== Information supplied ==
====================

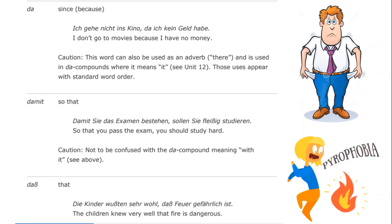"Damit" means "so that": "damit Sie das Examen bestehen, sollen Sie fleißig studieren" — so that you pass the exam, you should study harder. We're trying to provide a reason or motivation for why you're studying. Caution: this is not to be confused with the "da" compound meaning "with it," which we have also considered.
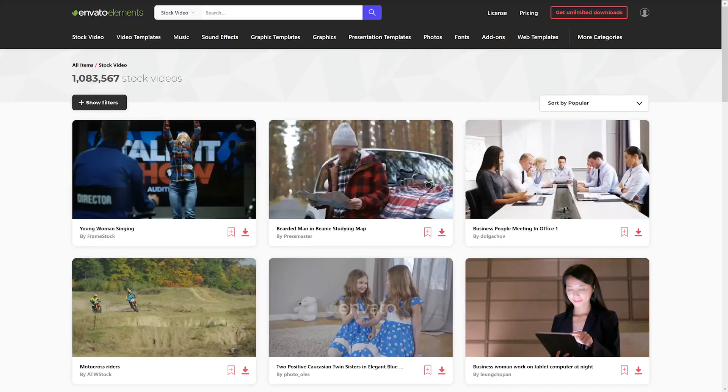There are hundreds of thousands of clips you can find on Envato Elements that are going to help you populate that video no matter what the subject is — as long as it's not too weird.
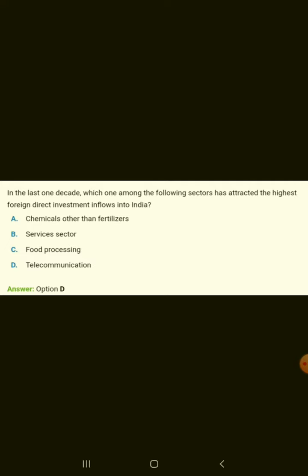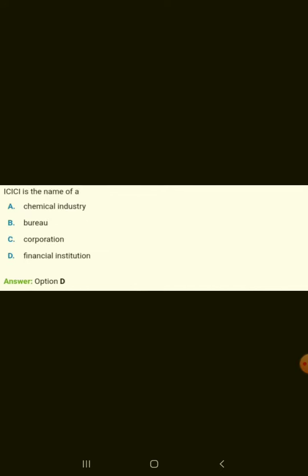In the last one decade, which one of the following sectors has attracted the highest foreign direct investment inflows into India? It is telecommunication. ICICI is the name of a financial institution.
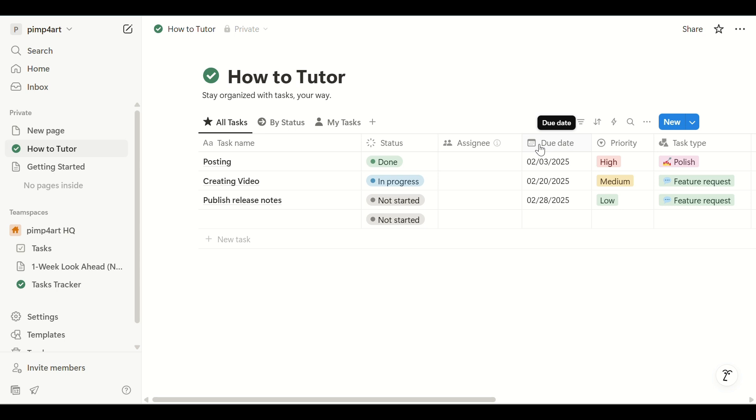First, go to Notion.so and login to your account using your email and password. Make sure you're accessing the right workspace tied to your content.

====================

== What is expected ==
Please give the material above again in full, with no pictures in your version.

== Your solution ==
"Damit" means "so that": "damit Sie das Examen bestehen, sollen Sie fleißig studieren" — so that you pass the exam, you should study harder. We're trying to provide a reason or motivation for why you're studying. Caution: this is not to be confused with the "da" compound meaning "with it," which we have also considered.
There are hundreds of thousands of clips you can find on Envato Elements that are going to help you populate that video no matter what the subject is — as long as it's not too weird.
In the last one decade, which one of the following sectors has attracted the highest foreign direct investment inflows into India? It is telecommunication. ICICI is the name of a financial institution.
First, go to Notion.so and login to your account using your email and password. Make sure you're accessing the right workspace tied to your content.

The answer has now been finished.